What techniques that have been used to evaluate a tricky integral?
$$ \mathcal{L}G_{j,k}(\tau) = \int_0^{\infty} G_{j,k}(\tau) e^{-\tau\beta} d\tau $$ which apparently evaluates to, $$ \sum_{\mu=0}^j\sum_{\nu=0}^k \frac{ \binom{j}{\mu}\binom{k}{\nu} \left(\frac{1}{2}\right)^{j+k}(-1)^{\frac{k}{2}+\nu}B }{ (\beta\bar{\tau} +1)^2 + (\omega\bar{\tau})^2 (j+k-2 \mu -2 \nu )^2 } \quad \text{where}\ B = \cases{ \beta\bar{\tau} +1 & \text{if}\ \frac{1}{2}k \in \mathbb{N}\\ (j+k-2\mu - 2\nu)\omega\bar{\tau} & \text{if}\ \frac{1}{2}k \notin \mathbb{N} } $$
The integral is a Laplace transform of the function, $$ G_{j,k}(\tau) = re^{-r\tau} \cos ^j(\tau \omega ) \sin ^k(\tau \omega ) $$
Definitions
- $\tau$ is an exponentially distributed random variable: $P(\tau) = re^{-r\tau}$
- $\bar{\tau}$ is the average value of $\tau$
- The rate paramter, $r$, is the inverse of the average value of $\tau$ as $r = 1/\bar{\tau}$
- $\omega$ is a constant
- $j,k \in \mathbb{N}$ (assume the convention $0 \in \mathbb{N}$)

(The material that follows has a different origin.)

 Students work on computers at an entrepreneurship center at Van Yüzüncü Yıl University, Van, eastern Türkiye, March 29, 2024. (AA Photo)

In the paper, only $(j,k) \in \{(0,0), (1,1), (2,0), (0,2)\}$ are actually used so it is possible that the Transform has only been defined in this domain. This is not explicitly indicated, however, so I assume it is general.
Current Progress
- I can easily solve for the restricted domain $(j,k) \in \{(0,0), (1,1), (2,0), (0,2)\}$ and piece together the more general form in a backwards form.

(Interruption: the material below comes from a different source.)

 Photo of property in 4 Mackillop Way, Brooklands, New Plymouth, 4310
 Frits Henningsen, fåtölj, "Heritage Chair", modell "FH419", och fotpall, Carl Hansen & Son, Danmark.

- The only method I currently know of is to solve in an iterative format and collect terms
I think the way I mentioned in the comments works well. $$\begin{align} & \int_0^\infty G_{j,k}(\tau)e^{-\tau\beta}d\tau\\ = & \int_0^\infty re^{-(\beta+r)\tau}\left(\frac{1}{2}\right)^{j+k}(e^{i\omega\tau}+e^{-i\omega\tau})^j (e^{i\omega\tau}-e^{-i\omega\tau})^k (-i)^k\\ = & \int_0^\infty re^{-(\beta+r)\tau}\left(\frac{1}{2}\right)^{j+k}(-i)^k \sum_{\mu=0}^j\sum_{\nu=0}^k (-1)^\nu e^{i\omega(2\mu+2\nu-j-k)\tau}d\tau\\ = & r\left(\frac{1}{2}\right)^{j+k}(-i)^k \sum_{\mu=0}^j\sum_{\nu=0}^k (-1)^\nu \int_0^\infty e^{(i\omega(2\mu+2\nu-j-k)-(\beta+r))\tau}d\tau\\ = & r\left(\frac{1}{2}\right)^{j+k}(-i)^k \sum_{\mu=0}^j\sum_{\nu=0}^k\frac{(-1)^\nu}{i\omega(2\mu+2\nu-j-k)-(\beta+r)} \end{align}$$ Which easily simplifies to the given equation.